QAZAQ GREEN. A team of Canadian researchers has published the results of a year-long trial of a 7 kW floating solar power system designed to operate through harsh winters without sustaining ice damage. The work appears in a study published in the journal Applied Energy.

Floating photovoltaics (FPV) have already proven their value in warm climates: water cools the panels and boosts output, while shading the surface reduces evaporation and algae growth. Until now, however, such systems had barely been tested in cold climates, where ice poses a serious threat to floating structures.

The experimental array was deployed on a pond in Ontario. Its key feature is the use of foam floats instead of conventional pontoons — the panels are bonded directly to blocks of closed-cell polyethylene foam, making the design cheaper and easier to assemble. To prevent ice formation, the researchers installed an air-bubbling system that draws warmer water from the pond's depths up to the surface.

The results showed that the bubbler system kept the area around the array completely ice-free throughout the winter, while the additional energy needed to run it was minimal — ranging from just 0.02% to, in the most energy-intensive scenario, around 14.5% of annual output, depending on the pump operating mode. The system itself generated 7.7 MWh of electricity over the year, about 2.7% more than predicted by existing models for floating solar systems.

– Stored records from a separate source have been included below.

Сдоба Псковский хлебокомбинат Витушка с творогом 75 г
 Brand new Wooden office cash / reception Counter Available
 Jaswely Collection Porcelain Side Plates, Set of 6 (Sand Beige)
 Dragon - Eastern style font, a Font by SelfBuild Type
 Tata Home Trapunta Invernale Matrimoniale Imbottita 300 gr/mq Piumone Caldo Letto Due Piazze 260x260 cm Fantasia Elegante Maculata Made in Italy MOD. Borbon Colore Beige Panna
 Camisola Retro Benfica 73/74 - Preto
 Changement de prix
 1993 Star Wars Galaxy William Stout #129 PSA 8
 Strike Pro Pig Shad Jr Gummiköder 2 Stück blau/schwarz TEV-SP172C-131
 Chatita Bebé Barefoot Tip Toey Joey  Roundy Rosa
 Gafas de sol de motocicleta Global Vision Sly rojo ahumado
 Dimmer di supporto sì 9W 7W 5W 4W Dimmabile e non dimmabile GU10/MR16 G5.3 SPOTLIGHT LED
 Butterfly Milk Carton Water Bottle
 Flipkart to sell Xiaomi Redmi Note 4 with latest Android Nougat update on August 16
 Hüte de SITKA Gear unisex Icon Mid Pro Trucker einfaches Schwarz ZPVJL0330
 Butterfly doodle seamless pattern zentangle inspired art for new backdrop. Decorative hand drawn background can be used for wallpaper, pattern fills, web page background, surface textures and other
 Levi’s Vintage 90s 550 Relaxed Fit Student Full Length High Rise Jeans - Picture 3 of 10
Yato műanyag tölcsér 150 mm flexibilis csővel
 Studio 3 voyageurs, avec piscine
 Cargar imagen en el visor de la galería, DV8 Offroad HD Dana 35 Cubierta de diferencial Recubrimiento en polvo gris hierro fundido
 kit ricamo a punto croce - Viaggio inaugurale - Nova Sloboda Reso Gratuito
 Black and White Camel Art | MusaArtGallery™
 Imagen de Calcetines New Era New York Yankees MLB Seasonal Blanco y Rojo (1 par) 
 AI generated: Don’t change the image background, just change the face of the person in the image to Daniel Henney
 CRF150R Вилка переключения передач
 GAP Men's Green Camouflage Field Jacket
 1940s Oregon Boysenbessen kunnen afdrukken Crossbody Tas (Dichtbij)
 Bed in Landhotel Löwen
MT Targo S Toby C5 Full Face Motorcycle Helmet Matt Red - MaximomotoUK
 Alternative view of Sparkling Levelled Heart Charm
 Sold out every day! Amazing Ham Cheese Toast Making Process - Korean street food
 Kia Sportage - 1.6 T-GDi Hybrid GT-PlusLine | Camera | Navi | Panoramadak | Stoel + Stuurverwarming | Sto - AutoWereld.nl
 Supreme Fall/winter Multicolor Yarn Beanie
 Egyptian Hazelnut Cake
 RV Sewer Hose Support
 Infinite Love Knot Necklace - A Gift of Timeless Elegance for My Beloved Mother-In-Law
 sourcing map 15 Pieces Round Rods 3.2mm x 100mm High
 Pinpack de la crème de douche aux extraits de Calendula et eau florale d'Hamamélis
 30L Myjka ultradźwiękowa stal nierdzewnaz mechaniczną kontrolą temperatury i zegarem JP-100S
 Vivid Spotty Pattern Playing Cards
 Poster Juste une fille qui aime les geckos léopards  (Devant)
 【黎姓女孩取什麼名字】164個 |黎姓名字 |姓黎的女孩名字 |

Beyond power output, the project also demonstrated a water-saving effect: shading from the panels reduced pond evaporation in proportion to surface coverage. Calculations showed that covering half the pond's surface with panels could save up to 927 cubic meters of water annually — a benefit particularly relevant for drought-prone agricultural regions.

Economic analysis found that under high electricity prices, such as those typical of remote communities relying on diesel generation, the system pays for itself in roughly four years. The authors note that the main barrier to wider economic viability remains the high cost of flexible solar modules, which could fall as production volumes increase.

Among the practical challenges encountered were algae buildup on the panels in summer and a risk of snow damage in winter, since the flat, untilted design left the modules without a way to shed accumulation. The researchers plan to test larger systems next and refine the design to address these issues.